→ GOAL OF THE EXERCISE:
With pictures omitted, output the records below exactly as they appear.

→ PROVIDED INFORMATION:
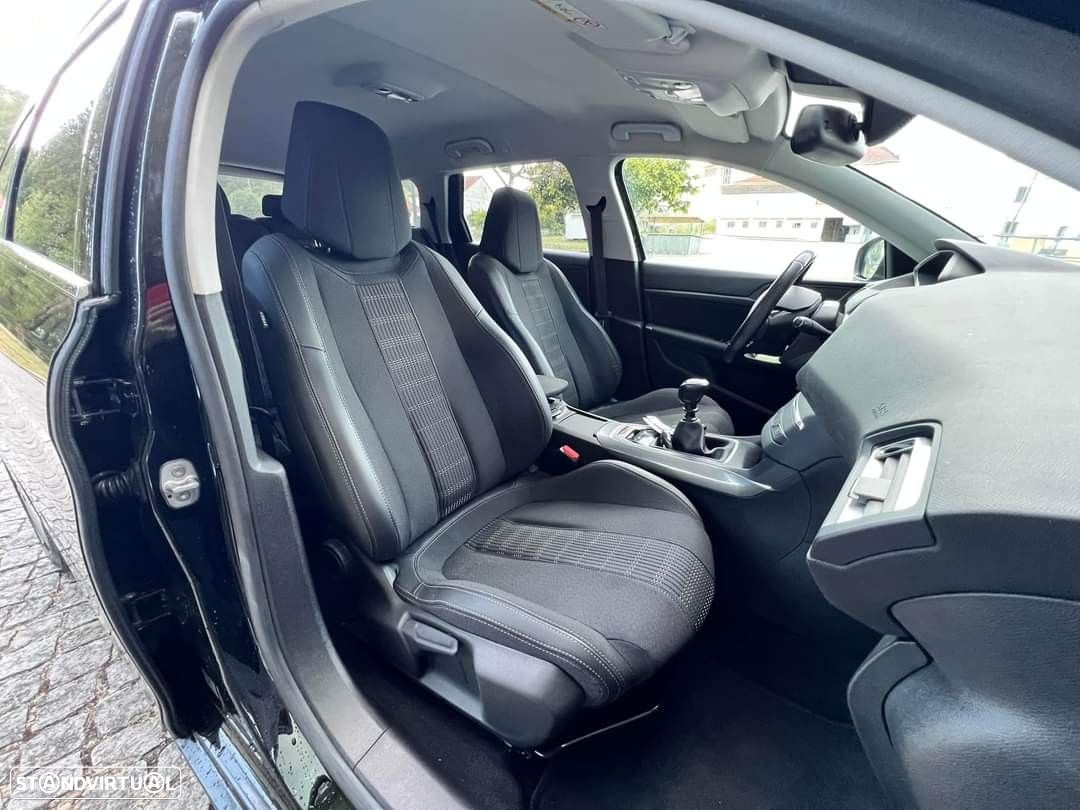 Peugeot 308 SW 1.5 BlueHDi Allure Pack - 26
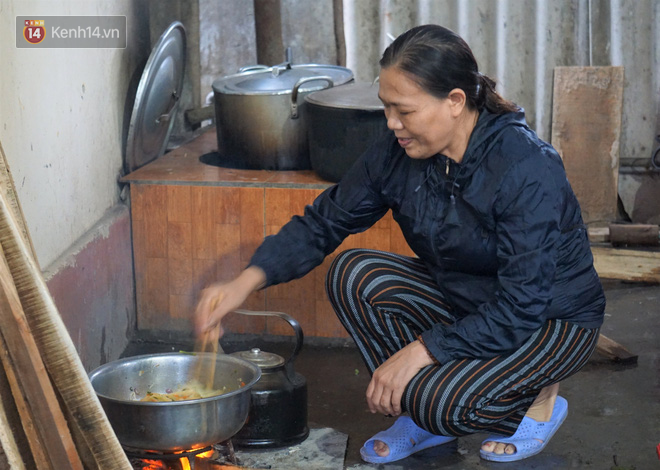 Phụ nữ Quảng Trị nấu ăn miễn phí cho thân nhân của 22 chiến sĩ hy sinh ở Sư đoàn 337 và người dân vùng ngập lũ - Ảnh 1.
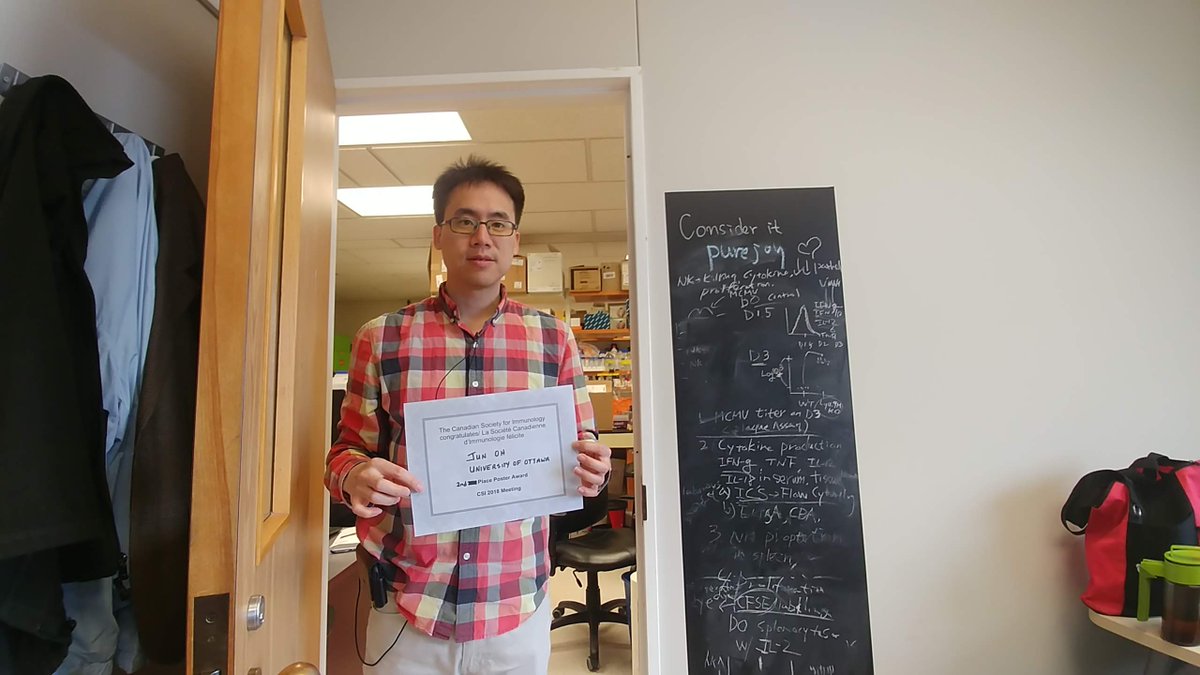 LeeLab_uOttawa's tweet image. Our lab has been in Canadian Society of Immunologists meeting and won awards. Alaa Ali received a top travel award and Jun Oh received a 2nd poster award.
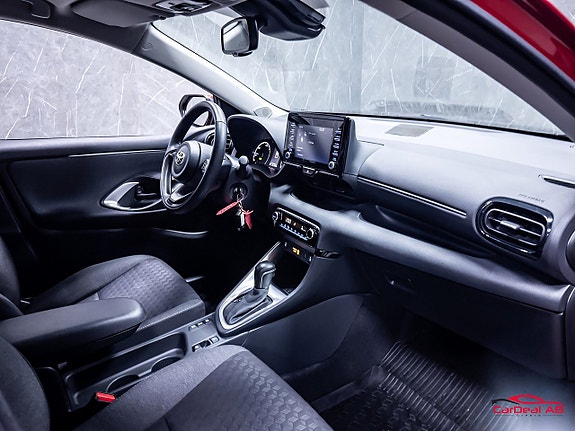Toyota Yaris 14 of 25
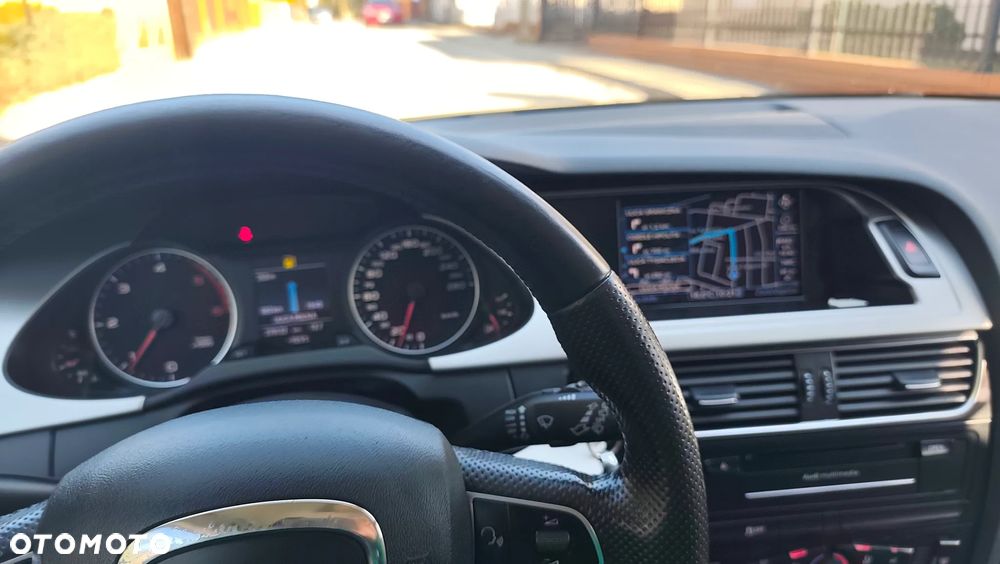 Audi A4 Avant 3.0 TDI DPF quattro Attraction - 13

→ TASK RESPONSE:
 Peugeot 308 SW 1.5 BlueHDi Allure Pack - 26
 Phụ nữ Quảng Trị nấu ăn miễn phí cho thân nhân của 22 chiến sĩ hy sinh ở Sư đoàn 337 và người dân vùng ngập lũ - Ảnh 1.
 LeeLab_uOttawa's tweet image. Our lab has been in Canadian Society of Immunologists meeting and won awards. Alaa Ali received a top travel award and Jun Oh received a 2nd poster award.
Toyota Yaris 14 of 25
 Audi A4 Avant 3.0 TDI DPF quattro Attraction - 13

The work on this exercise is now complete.